Music Reviews

Aereogramme

A Story in White

Chemikal Underground / Matador

I could recap Aereogramme’s history, but you don’t really care, and it’s pretty undramatic anyway (short version: singer/guitarist Craig B used to be in Ganger). I could also mention that they are a trio from Glasgow and that they are pals with Mogwai, but they really aren’t all that much like Mogwai. So just the basics: A Story in White would have easily been on my Top Ten List (or Top 19 List, whatever) had I heard it in time. As it is, I’ll probably listen more to this album this year than half the stuff on my 2002 list.

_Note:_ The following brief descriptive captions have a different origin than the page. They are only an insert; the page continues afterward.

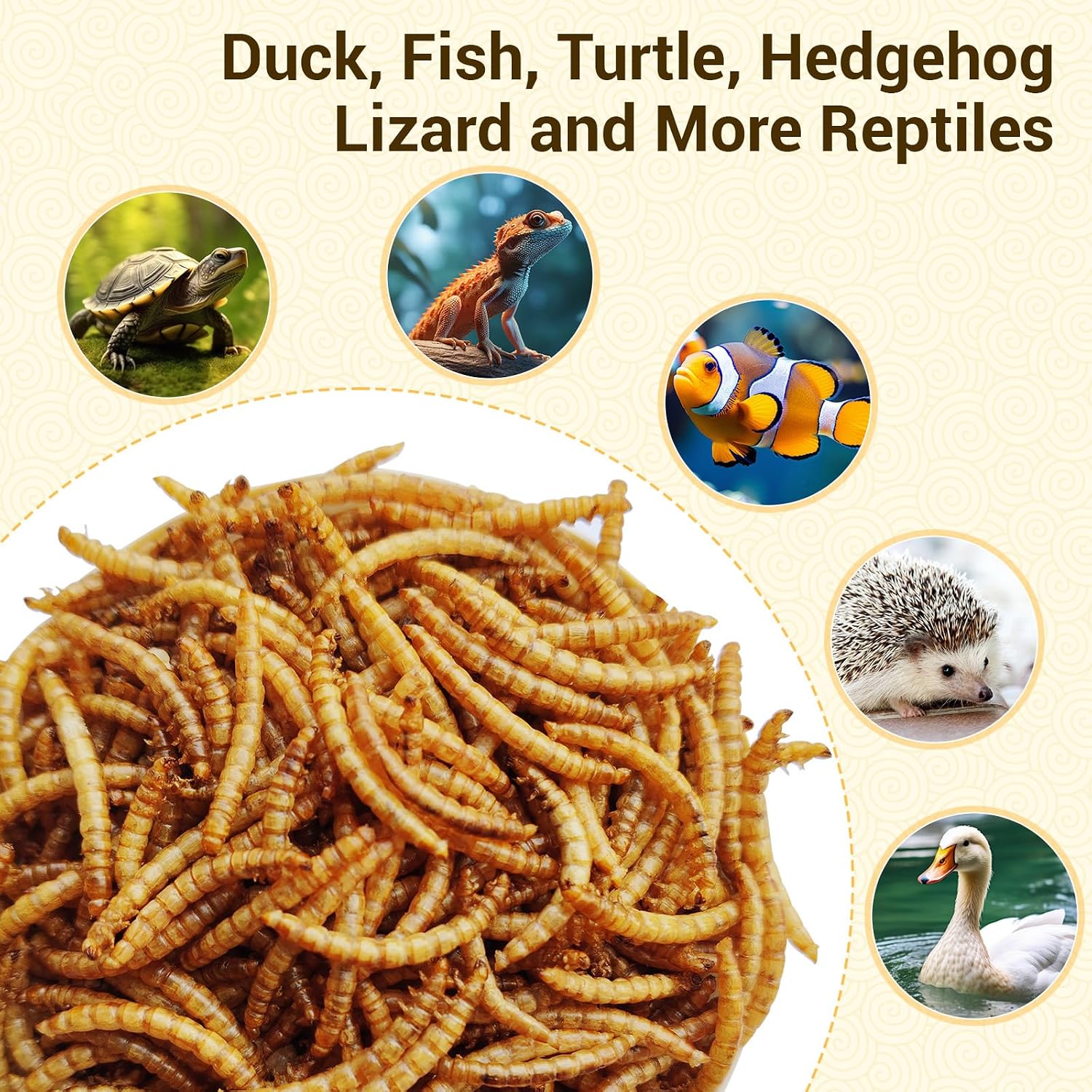 20lb Dried Mealworms for Chickens Duck High Protein Birds Treat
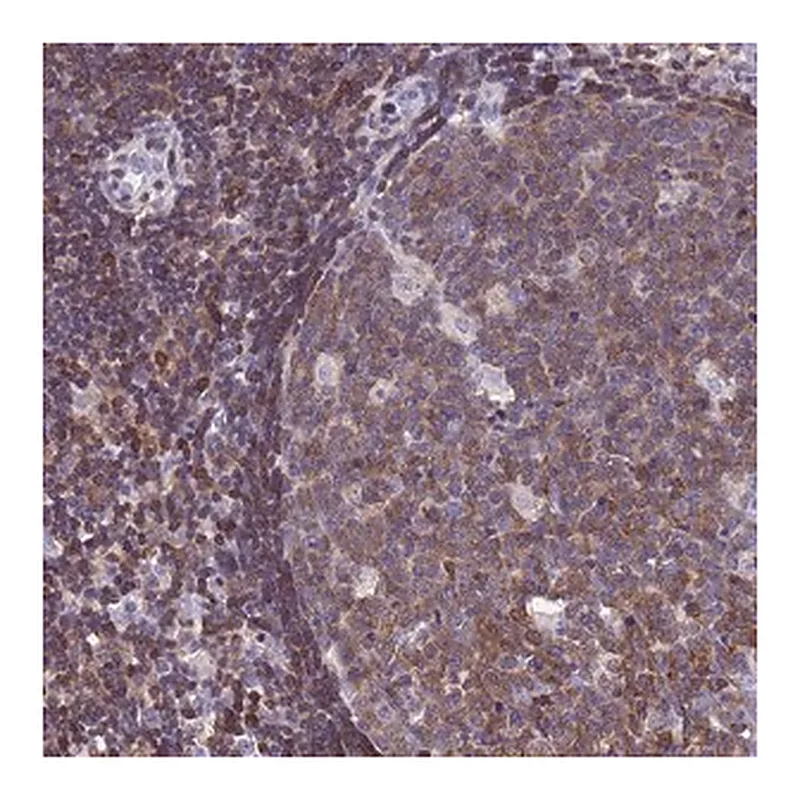 Merck Anti-CNN2 antibody produced in rabbit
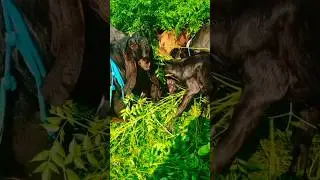 Top Quality breeder #goatfarming #goatfarmingbusiness #goat #viral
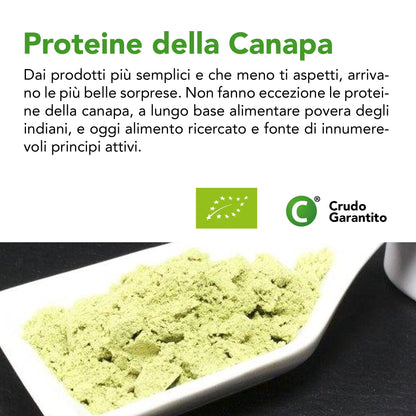 Proteine del Riso in Polvere Bio - 80% Proteina - 500g. Proteine Naturalmente Senza Lattosio e Glutine. Proteine Vegane Vegetali e Biologiche Senza Zucchero. Organic and Vegan Rice Protein Powder.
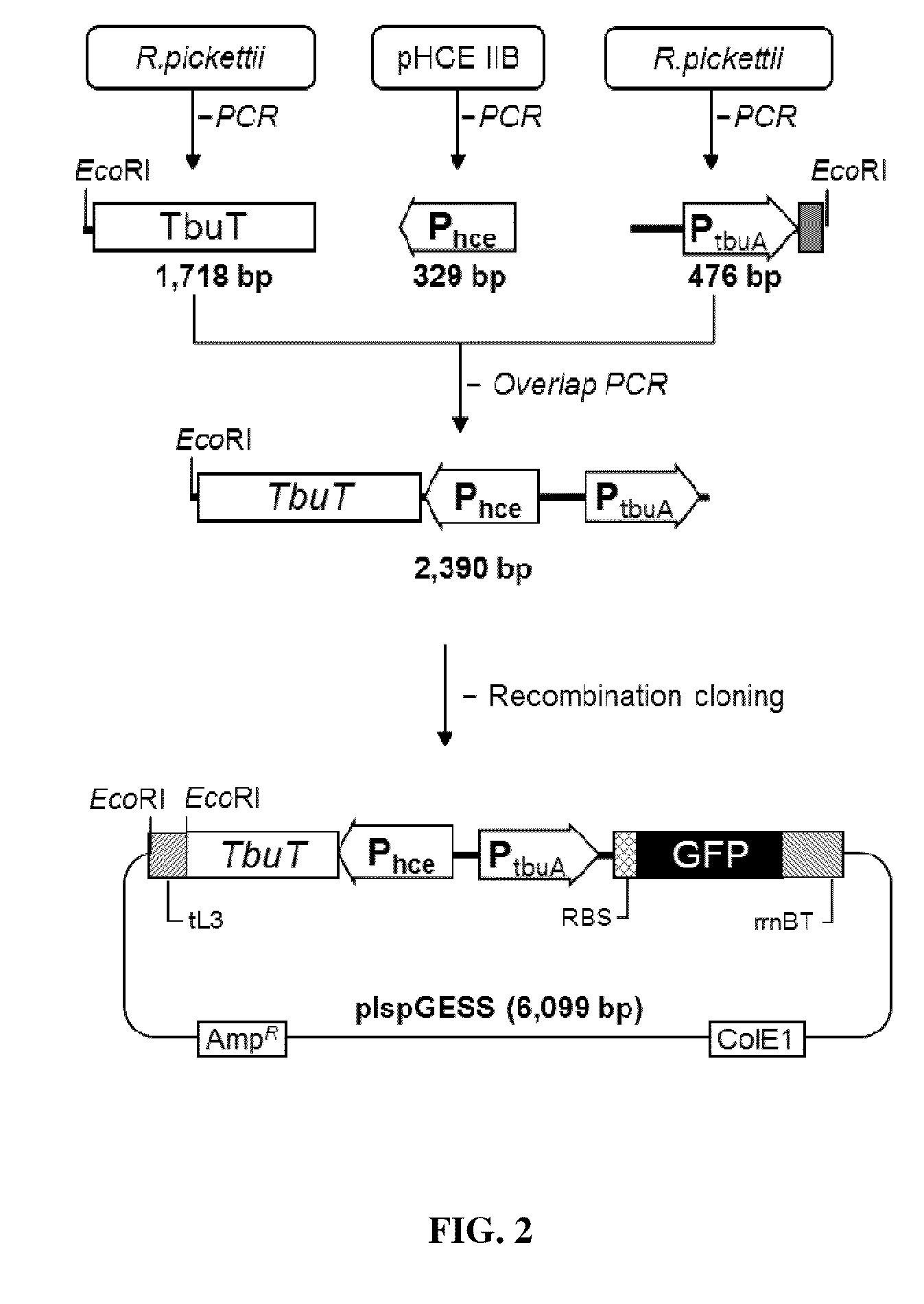 Method for screening and quantifying isoprene biosynthesis enzyme activity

Here’s what Aereogramme is aiming for on their first album: the kind of sonic onslaught that gives sonic onslaughts a good name, crossed with the kind of confessional God-haunted doom-laden insights that give confessional God-haunted doom-laden insights a good name. They can shred your ears with sheer death-punk bile (“Shouting For Joey”), they can whisper/sing against simple acoustic guitars or string arrangements (“Egypt,” “Messenger”), or, more often, take both paths (everything else). They mess with time signatures (opener “The Question is Complete” goes 7/4 with occasional 5/4 in the verses, then something that I think is 6/4 for the choruses… and then it gets weird), they got studio trickery up the ying (“Descending” does a one-speaker fading back into two thing that’s very disorienting but cool) they do slow burns like Doves (“A Meaningful Existence”), and it’s all absurdly lovely and powerful and completely emotional without lapsing into The Genre That Must Not Speak Its Name.

I’ve read a couple of reviews of A Story in White, and they’ve mentioned Craig B’s lyrics as “introspective” or “sad” or “romantic” – but none have mentioned this album’s dirty little secret: it’s a concept record, I think, about maintaining one’s faith in a romantic partner while battling with, and perhaps losing, one’s faith in God.

Don’t be afraid that it’s some kind of creepy Creed trip, though; Craig B is very much a seeker rather than a preacher. Here’s a sample lyric, from “Post-tour, Pre-judgement”: “Undecided/Should I pray to something else?/Fuck the devil/Fuck myself.” And then follows the hardest most painful screaming you’ve ever heard outside a maternity ward. It’s catharsis, it’s mourning, it’s celebration, it’s the pain of freedom, it’s the joy of freedom.

And it’s a really wonderful record that will stand the test of time.